Beyond family-driven GLMs, fastglm has fitting
functions for four model types/situations that arise often in practice
but require model-specific machinery on top of the standard IRLS
solver:
fastglm_nb() — negative-binomial
regression with the dispersion theta estimated jointly with
the regression coefficients, in the spirit of
MASS::glm.nb().firth = TRUE — Firth’s (1993)
bias-reducing penalty for logistic regression, useful under separation
or in small samples (the logistf::logistf() use case).fastglm_hurdle() — a two-part count
model with a binary zero / non-zero component and a zero-truncated
Poisson or NB count component, the same model as
pscl::hurdle().fastglm_zi() — a zero-inflated Poisson
or NB regression, with a binary inflation component layered on the
original (untruncated) count distribution, the same model as
pscl::zeroinfl().All four reuse the same C++ IRLS solver as fastglm()
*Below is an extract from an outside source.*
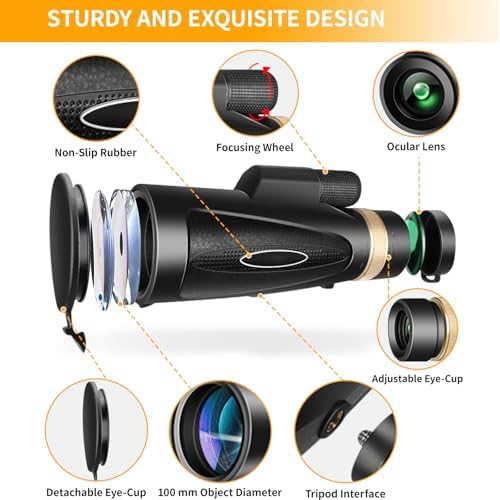 KTBDING 80x100 black monocular telescope mounted securely on its mini stabilizing tripod.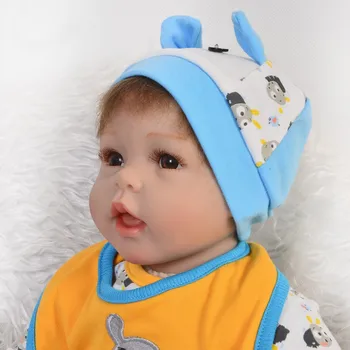 Bebe reborn chlapec bábika s Modrým krava oblečenie 22 inch mäkké silikónové reborn bábiky baby hračky pre deti darček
itself; the outer iteration (joint NB MLE, the EM loop in
zero-inflation, the inner theta-Brent for unknown-theta NB
hurdle / ZI) likewise lives in C++. Cameron and Trivedi (1998) is the
standard textbook reference for the count-data theory underlying this
vignette, and Zeileis, Kleiber, and Jackman (2008) gives the
pscl implementation we benchmark against.
library(fastglm)
suppressPackageStartupMessages({
library(MASS) # glm.nb, rnegbin, sex2-style separation data
library(pscl) # hurdle, zeroinfl, bioChemists
library(logistf) # canonical Firth implementation
library(microbenchmark)
})fastglm_nb() is a drop-in alternative to
MASS::glm.nb() (Venables and Ripley, 2002) for the NB2
model with Var(Y) = mu + mu^2 / theta. Both
theta and beta are estimated by maximum
likelihood, alternating an IRLS update for beta at fixed
theta with a 1-D Brent root-find for theta at
fixed beta. Both loops run in C++.
A small-sample comparison on MASS::quine (school
absences):
data(quine)
X <- model.matrix(~ Eth + Sex + Age + Lrn, data = quine)
y <- quine$Days
fit_f <- fastglm_nb(X, y)
fit_m <- MASS::glm.nb(Days ~ Eth + Sex + Age + Lrn, data = quine)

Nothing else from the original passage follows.